Les éditeurs néo-aquitains "plus forts à plusieurs"
L’Association des éditeurs de Nouvelle-Aquitaine a élu le 1er octobre 2020 à Bordeaux son président, André-François Ruaud, qui nous présente les priorités de cette nouvelle structure associative dont l’idée s’est affirmée pendant la crise sanitaire.
Quelles motivations ont poussé une trentaine d'éditeurs à s'associer pour relancer l'idée d'une structuration régionale ? La crise sanitaire que nous traversons a-t-elle contribué à cet élan ?

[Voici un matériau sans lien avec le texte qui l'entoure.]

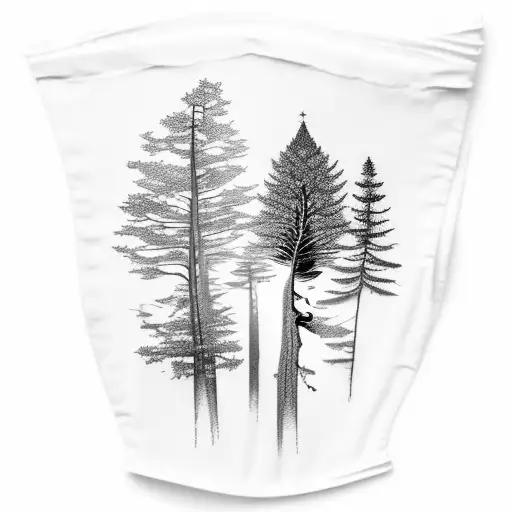 Pine Trees With Roots And Galaxy Sleeve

André-François Ruaud : L’idée trottait depuis un bon moment déjà et une ancienne association préexistait, en sommeil depuis quelques années. La revitaliser s’est imposé logiquement. Pour être plutôt individualistes en général, les éditeurs s’avèrent pourtant aussi très demandeurs de discussions confraternelles, de relations interprofessionnelles plus larges, de mutualisations de certains efforts. Nous avons besoin de ne pas être isolés et il existe de nombreux niveaux d’activité pour lesquels une structure collective peut être un atout important. L’association a pour ambition de devenir cet outil opérationnel. Nous allons par exemple monter des groupes de discussion entre éditeurs d’une même "sphère" — les éditeurs de jeunesse, de voyage, de sciences humaines, d’imaginaire, de libertaire, de lettres françaises, de lettres étrangères, de poésie, que sais-je encore ?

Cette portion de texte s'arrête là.